PROBLEM TO SOLVE -
Begin the copy at the line containing "Charming single-Gathering home" and end it at the final line of the material below, reproducing each line exactly, without images.

RECORDS TO USE -
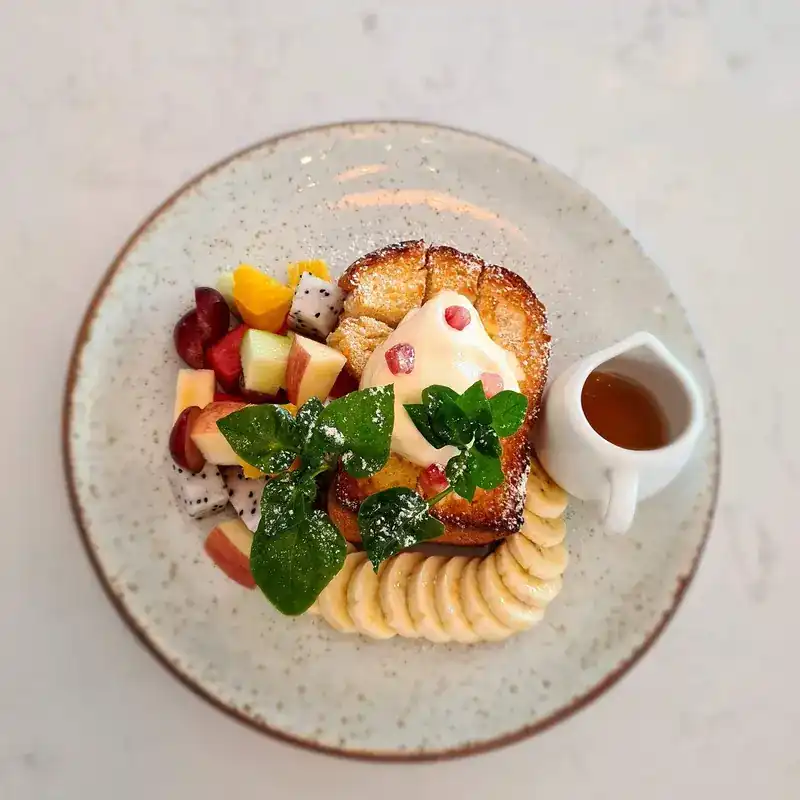 Thick toast with fresh fruit, sliced banana and a jug of syrup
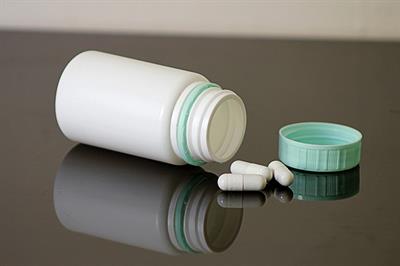 Open, white pill bottle with blue cap and pills spilling out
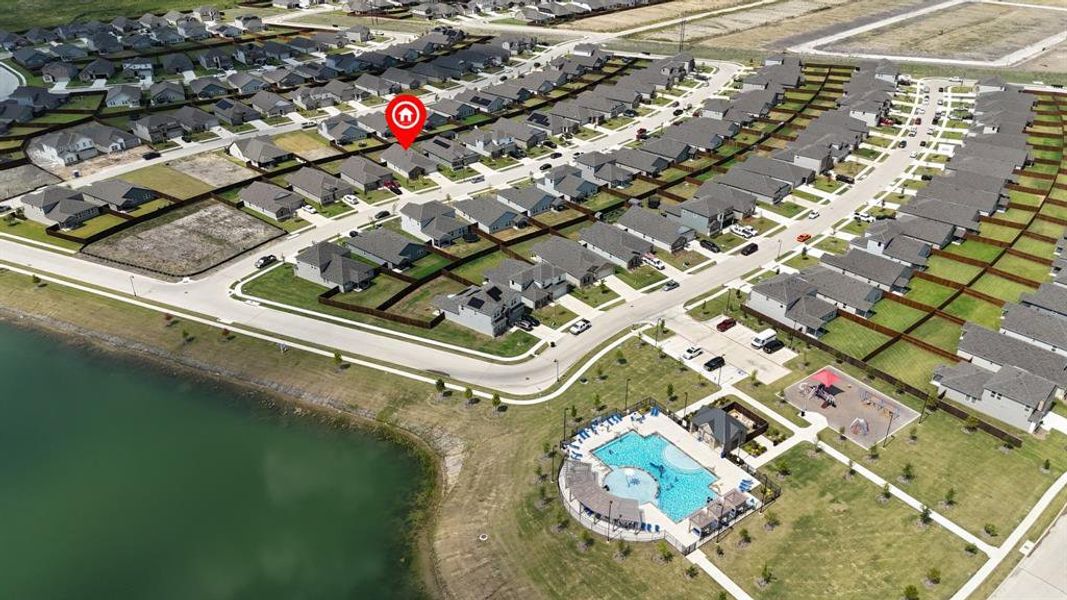 Aerial overview of property's location with nearby suburban area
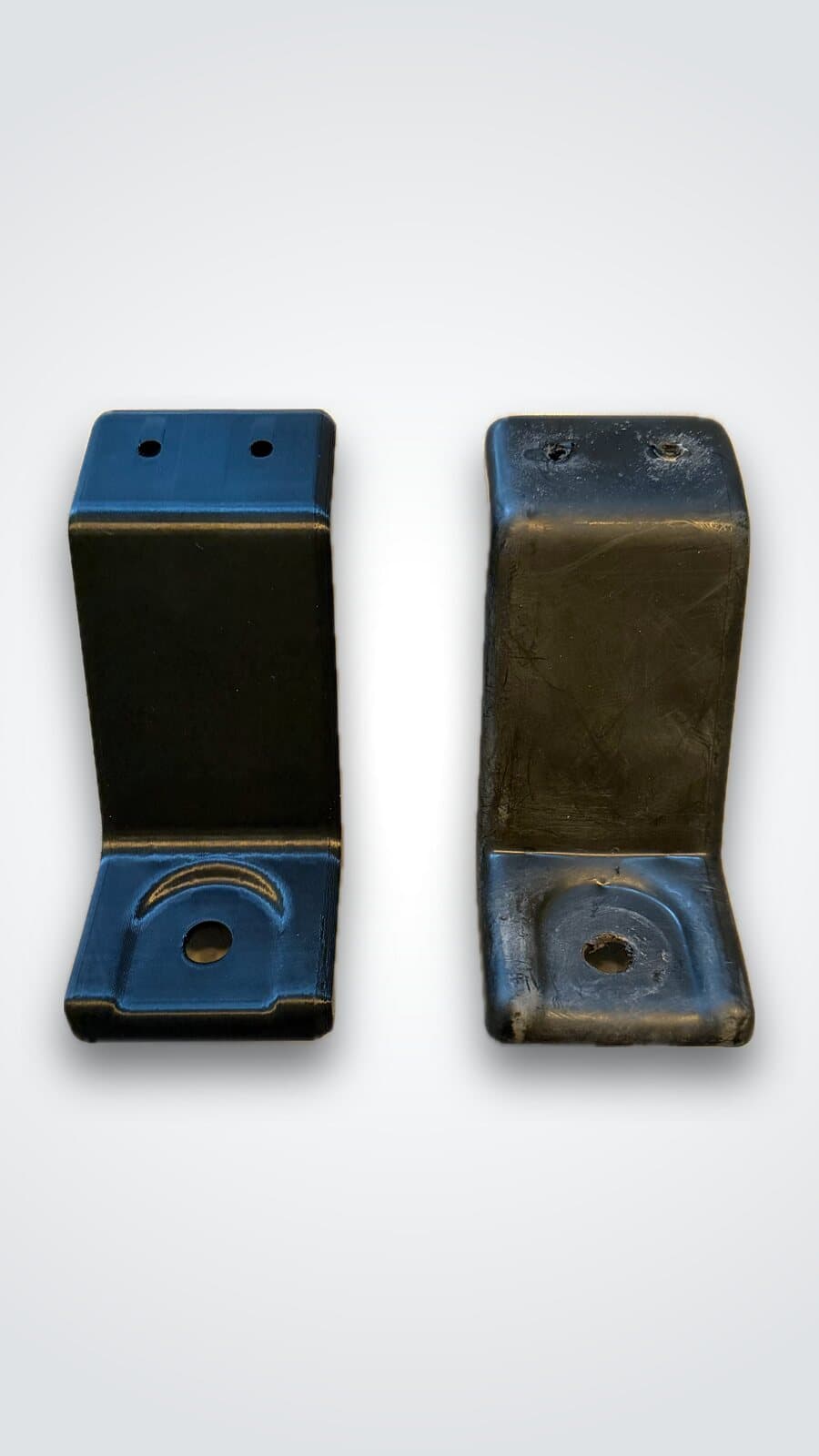 Deux équerres noires imprimées en 3D par Protofab, percées pour le montage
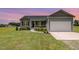 Charming single-Gathering home with attached garage and well-manicured lawn at 3724 Stevens Chapel Rd, Smithfield, NC 27577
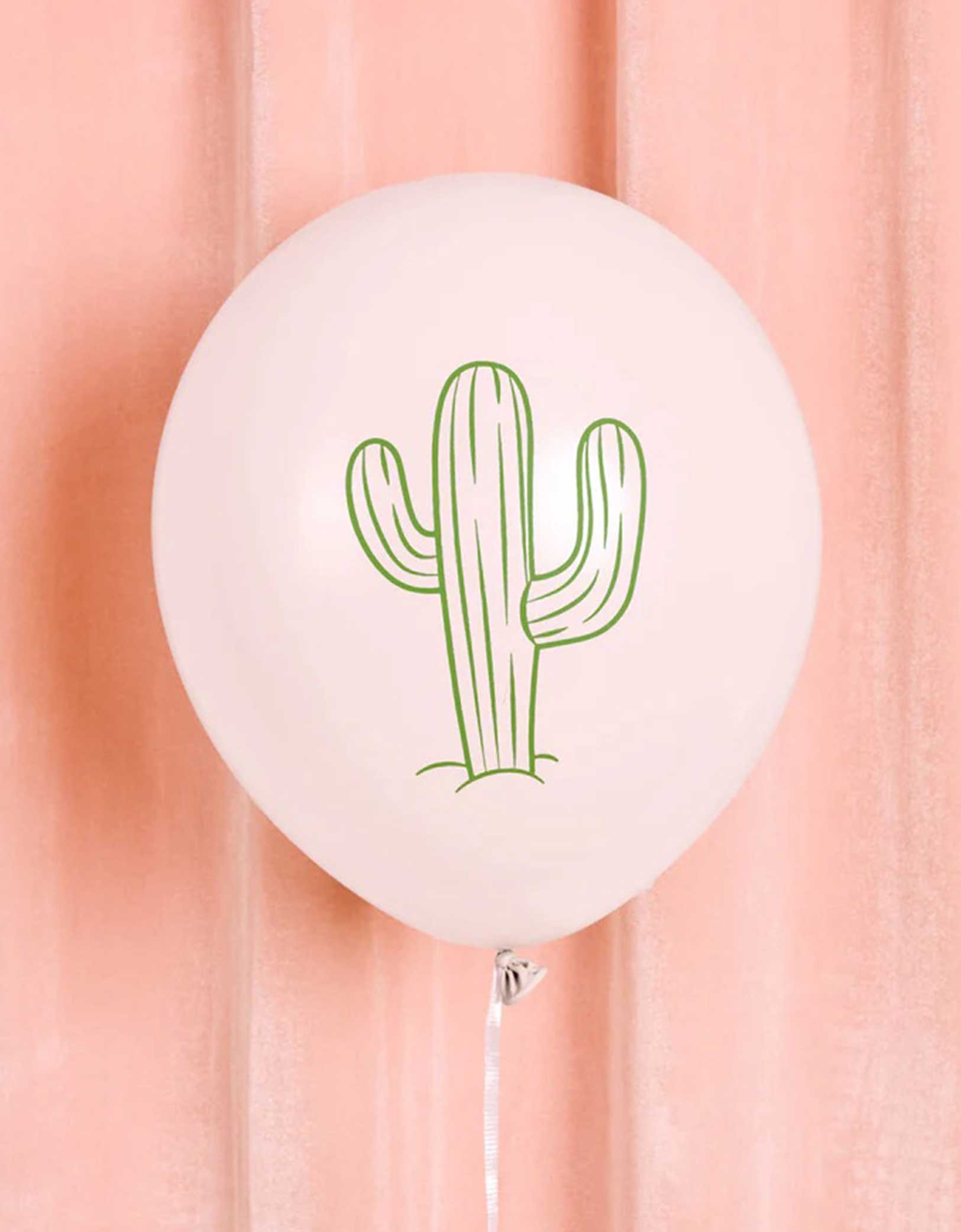 A 12" white latex balloon with green cactus design from Momo Party on a pink curtain background.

EXPECTED OUTPUT -
 Charming single-Gathering home with attached garage and well-manicured lawn at 3724 Stevens Chapel Rd, Smithfield, NC 27577
 A 12" white latex balloon with green cactus design from Momo Party on a pink curtain background.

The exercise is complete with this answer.